Understanding fractions.

Relating mathematical concepts to real-world problems.

Place in front of each student group 3 identical plastic cups and fill one of them up to a specific mark. Then let them work on their tasks.

Have for yourself a cup or measuring cylinder where you marked the level for 1/6 and 3/4 of the water volume you filled into the students' cups. Once a group of students thinks they have solved the 'riddle', give them your reference cup to check if they really measured 1/6 or 3/4, respectively.

You are only allowed to transfer water between the three cups.

1. Get 1/6 of the original volume of water in one cup.

2. Get 3/4 of the original volume of water in one cup.

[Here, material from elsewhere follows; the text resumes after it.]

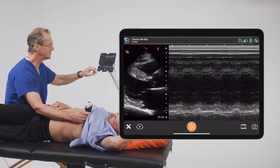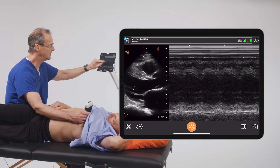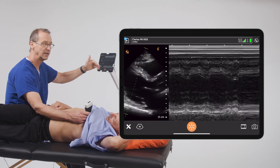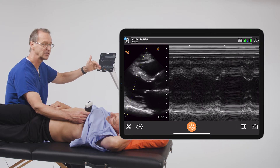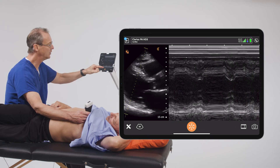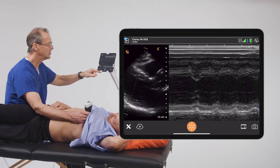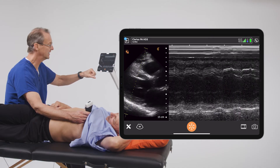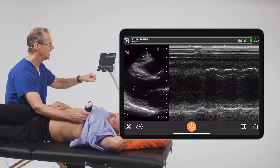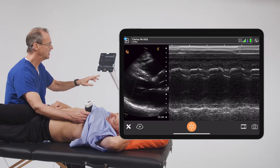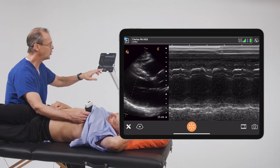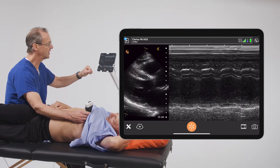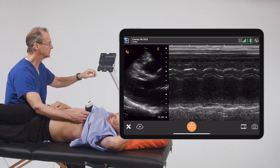It stands to reason that when these two structures get closer together, you are at the end of systole. And when they are farther apart, you are at the end of diastole. We can use this as a strategy to quantitatively evaluate how well the left ventricle functions.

3. Get 1/5 of the original volume of water in one cup.

Distributing the water evenly over three cups leaves each cup with 1/3 of the water. By emptying one into another and dividing the remaining 1/3 equally in two cups, you end up with two cups containing 1/6th of the original volume.

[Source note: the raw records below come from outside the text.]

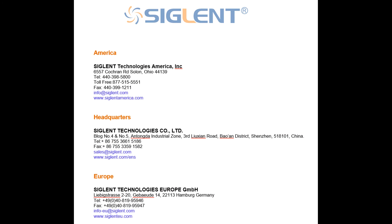That concludes our SDG selection video. Here is some contact information for local Siglent offices. If you have any questions, please feel free to contact us. Thanks again for watching. Take care, bye.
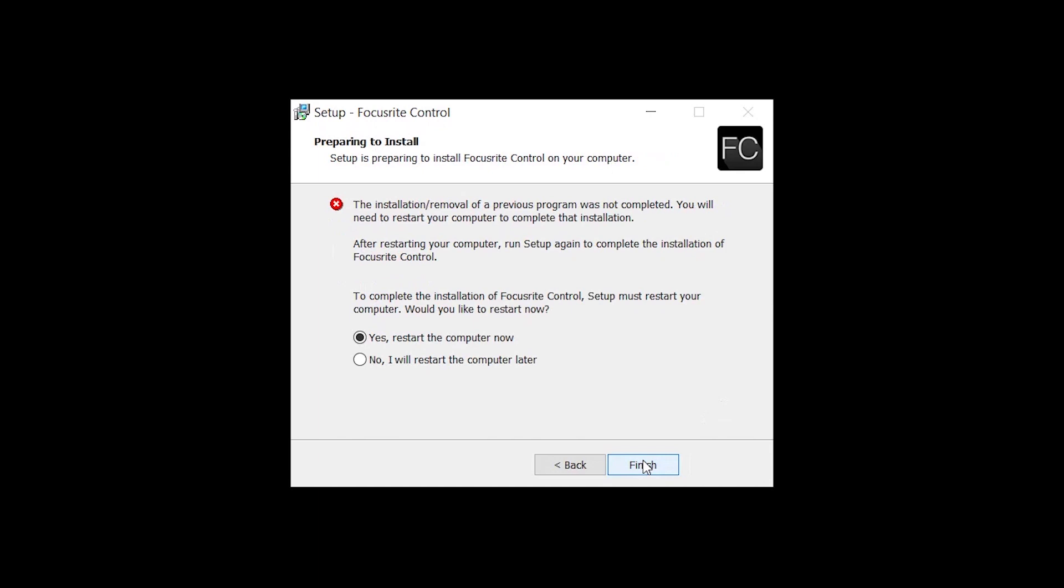You may be prompted to restart your computer. If so, you have now successfully installed Focusrite Control.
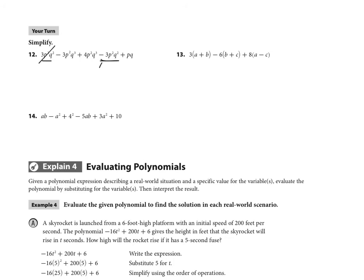We also have p²q³ and p²q³ — those are like terms. The coefficients are negative three and four: four minus three equals one, so we have p²q³. You can write the coefficient of one if you want, but you don't have to. Then we're left with plus pq. Try the next two problems, pause, and then I'll put the answers up.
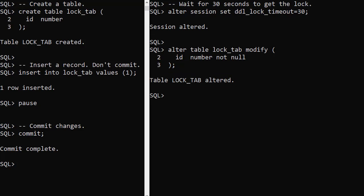If you're in a situation where you have to apply DDL to busy objects, the DDL lock timeout parameter might save you a lot of frustration.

Dividing the water equally between two cups and then dividing the water in one of them with the third, still empty cup, will produce two cups with 1/4 and one cup of 1/2 of the original volume. To get 3/4, pour one of the 1/4 cups in the 1/2 cup.

To measure with the same method 1/5 of the volume, at least 5 cups are needed. It is not possible to do this with three cups since they only allow divisions by two or three. Although your students might find this question 'stupid', you can draw later on this experience when discussing common denominators.

The goal of this experiment is to link the abstract notion of fractions and their operations to a physical experience. It is therefore important to make this relation explicit in the discussion that follows the experiment, e.g. by drawing on a whiteboards the cups with their respective fill levels and the corresponding fractions and operations (division, summation).